JOHNSON COUNTY, Kan. — One Kansas City area family is speaking out about the struggles of transportation and housing for their adult daughter, who has developmental disabilities.
Rachel Mast works part time as a greeter at a local hospital. The 23-year-old lives at home with her parents, but says she has a goal of living on her own.
"Having a pink house would be a great opportunity or a pink apartment," Mast said.
Mast also has set her sights on working full-time.
"The best part of my job is to be with other people and of course for everyone to see my smiling face," Mast said.
However, there are two barriers that Mast is working to overcome to reach her goals.
One of those issues is transportation, Mast is unable to drive.
"We have tried many different things...they left her and didn't pick her up three times at a job she was at. I had to go pick her up.
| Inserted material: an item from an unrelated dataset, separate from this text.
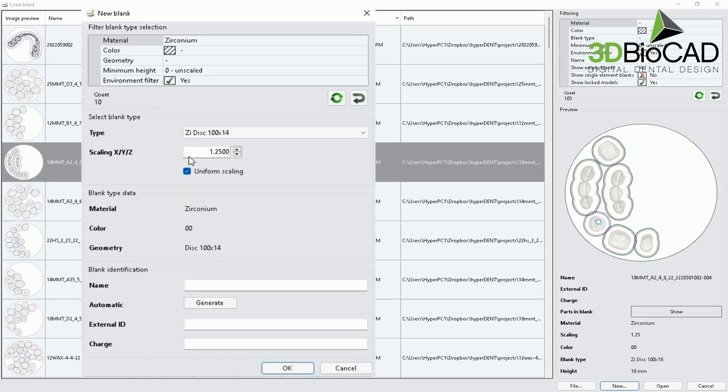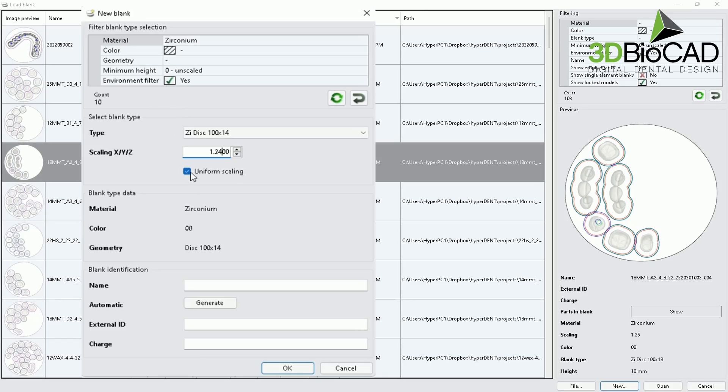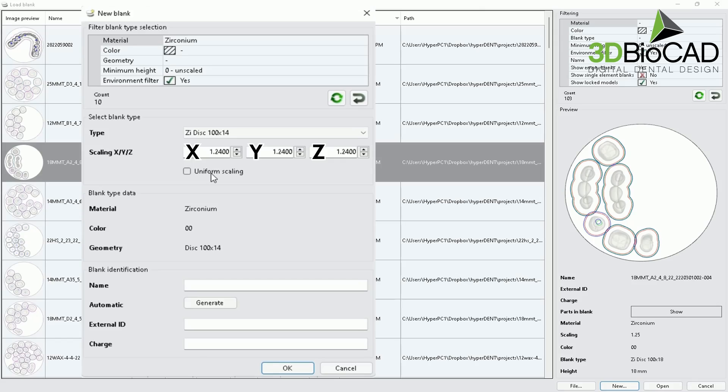And make sure you write down your scaling factor, which is a shrinkage factor. It can be 1.24 or 1.25. And also, some of the zirconium blocks have different shrinkage factor for x, y, z. So you can also write those down depending on the shrinkage given by the manufacturer. But this time, I'll select uniform scaling of 1.24.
What if I wasn't available?" Jawanda Mast, Rachel's mom said.
Rachel says she is fortunate that her mom has flexible schedule and has been there to help her get to work.
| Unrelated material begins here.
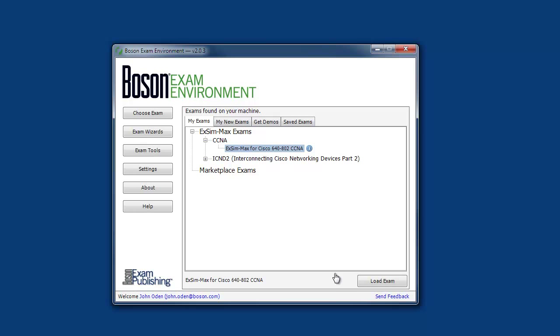This is our exam delivery engine that we call the Bosun Exam Environment, or the BEE. The BEE displays all of your available exam content. I'm going to select and load the Bosun ExSim-Max practice exam for Cisco 640-802.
"My parents have been taking me and I am grateful for that, thankful they can take me to work," Rachel said.
The Masts are trying out Ride KC, which other organizations like Johnson County Developmental Supports use.
"Transportation can be really cumbersome for people who cannot drive or people who do not have a primary mode of transportation. So that's why we work with Ride KC and work with them so consistently," said Melissa Reeves, community relations manager of Johnson County Development Supports.
Another obstacle Rachel faces is access to affordable housing.
"Finding affordable housing is really difficult. It's difficult for you. It's difficult for me," Reeves said. "If you add a disability on top of that where there is already a higher barrier to getting independent living and being able to live independent, you are going to see that there is not a lot of opportunities for accessible housing, there is not a lot of opportunities for affordable accessible housing."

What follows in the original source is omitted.